When the going gets weird, the weird turn pro. - Hunter S. Thompson

17 November 2005

Odds and ends from a Dallas high-rise

A few little odds and ends, posted from my Dallas hotel room, up on the 26th floor. (The nice people at the Adam's Mark Dallas have given me a hotel room that's larger than our apartment back in NYC, and I'm rattling around in this huge space like the last jellybean in the jar. Thank God for in-room coffeemakers... the hotel restaurant doesn't open for another hour, and neither does the Starbucks in the lobby.)
  • My goodness, Sony certainly stepped on their collective corporate johnson-sans with the current Digital Rights Management (DRM) fiasco... Sony's copy-protection scheme, discovered and "outed" by blogger Mark Russinovich in late October, installs "rootkit" software on PCs, which creates all kinds of nasty vulnerabilities.

    Law of unintended consequences department: It appears that, for the time being, at least, until this godawful mess is unwound, the only safe way to use Sony's music is to steal it.

    Strange bedfellows department: This is one of the few situations where techies appear to be pulling *for* a class action lawsuit against a technology company from California's overpopulation of commercial tort attorneys.

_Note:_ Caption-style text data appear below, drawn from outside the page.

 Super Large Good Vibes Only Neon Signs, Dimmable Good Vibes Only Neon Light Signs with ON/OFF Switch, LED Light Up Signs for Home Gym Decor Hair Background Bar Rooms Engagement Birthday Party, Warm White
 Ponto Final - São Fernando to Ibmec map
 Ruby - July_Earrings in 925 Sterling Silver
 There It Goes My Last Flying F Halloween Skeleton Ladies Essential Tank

    Mark's site, linked above, is the best place to go for detailed information, but other geek sites are covering this like white on rice (see, e.g., Slashdot.) Boing Boing has probably the best running summary for non-propellorhead users: Sony Rootkit Roundup.

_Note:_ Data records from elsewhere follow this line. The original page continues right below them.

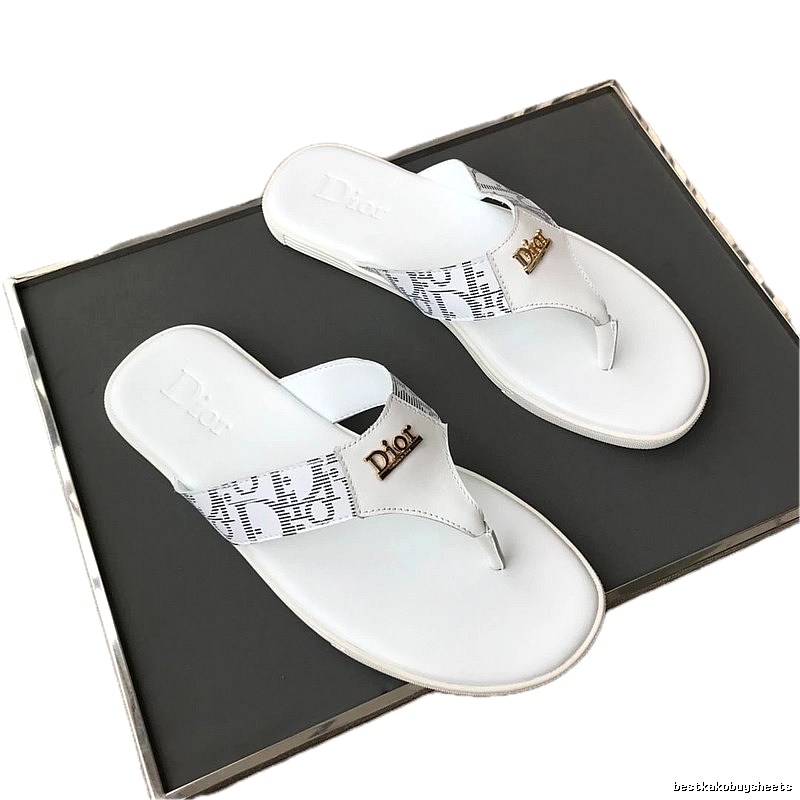 Dior Monogram Light Luxury Style White Flip-Flops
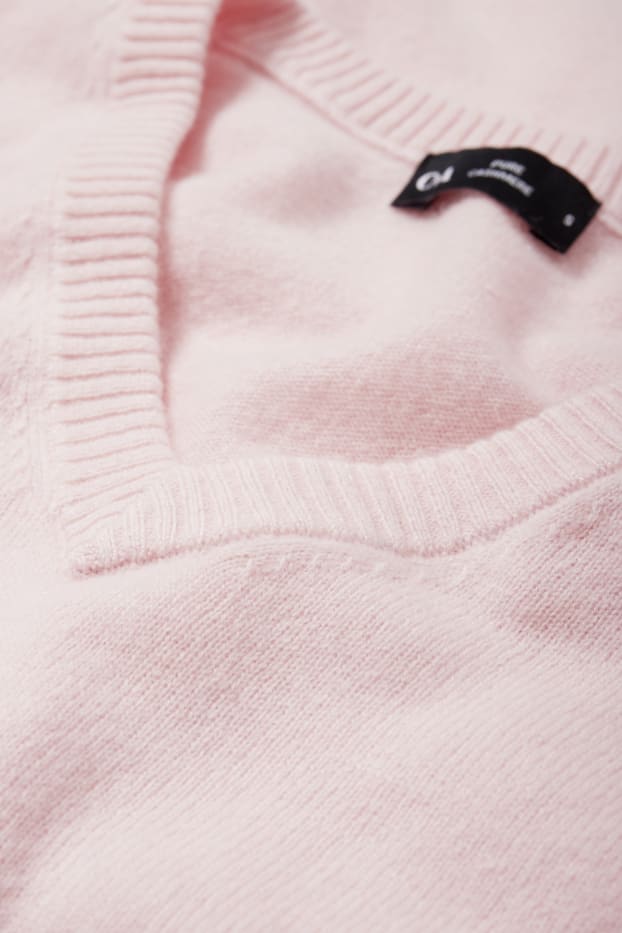 Women - Cashmere V-neck jumper - rose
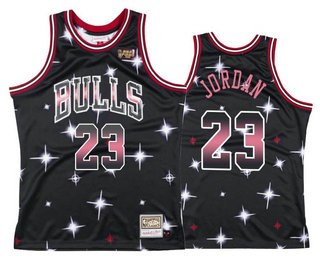 Chicago Bulls #23 Michael Jordan Starry Black Hardwood Classics Soul Swingman Throwback Jersey - Zenithce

    Or there's always the MSM: New York Times, Washington Post, Wall Street Journal, BusinessWeek.

  • I see that the New York Times automotive section just covered the new Chevrolet HHR, Chevy's answer to the PT Cruiser ("2006 Chevrolet HHR: Let's Do the Time Warp Again.")

    I drove one of these odd little beasts for two weeks during my recent sojourn in Raleigh (it was all the rental car company had to offer me) and I have to say, it grew on me: there was plenty of interior room in that small vehicle for this large driver, and the retro styling didn't get in the way of a very nicely designed console with good ergonomics. Plus, I thought it had *plenty* of pickup and zip, and handled nimbly, not nervously... I guess the bottom line is, I liked it a little better than the Times' reviewer did.

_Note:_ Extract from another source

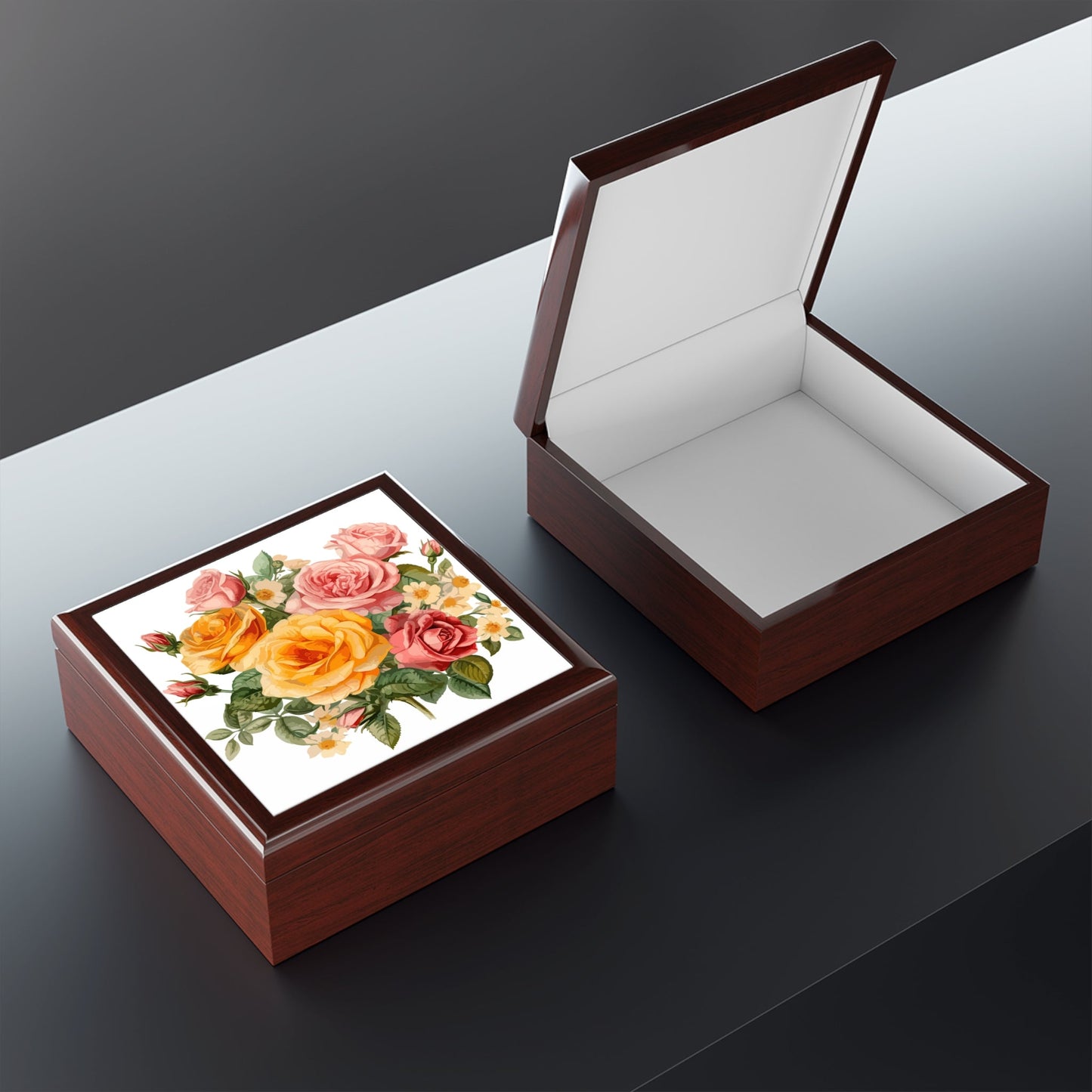 Floral Rose Jewelry Box — Vintage Pink & Yellow Rose Floral Keepsake Gift - Cherished Harbor Gifts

    (Related site: Chevrolet's HHR page.)

    Stray thought - people who travel on business a lot and rent a lot of different car models would make interesting amateur car reviewers, potentially. Group blog, anyone?

  • Carrie is taking up the Catblogger's Burden this week; look for pix of Mister Gato at her site later on Thursday or early Friday. (I know y'all get cranky when there aren't plenty of Gato pix around.)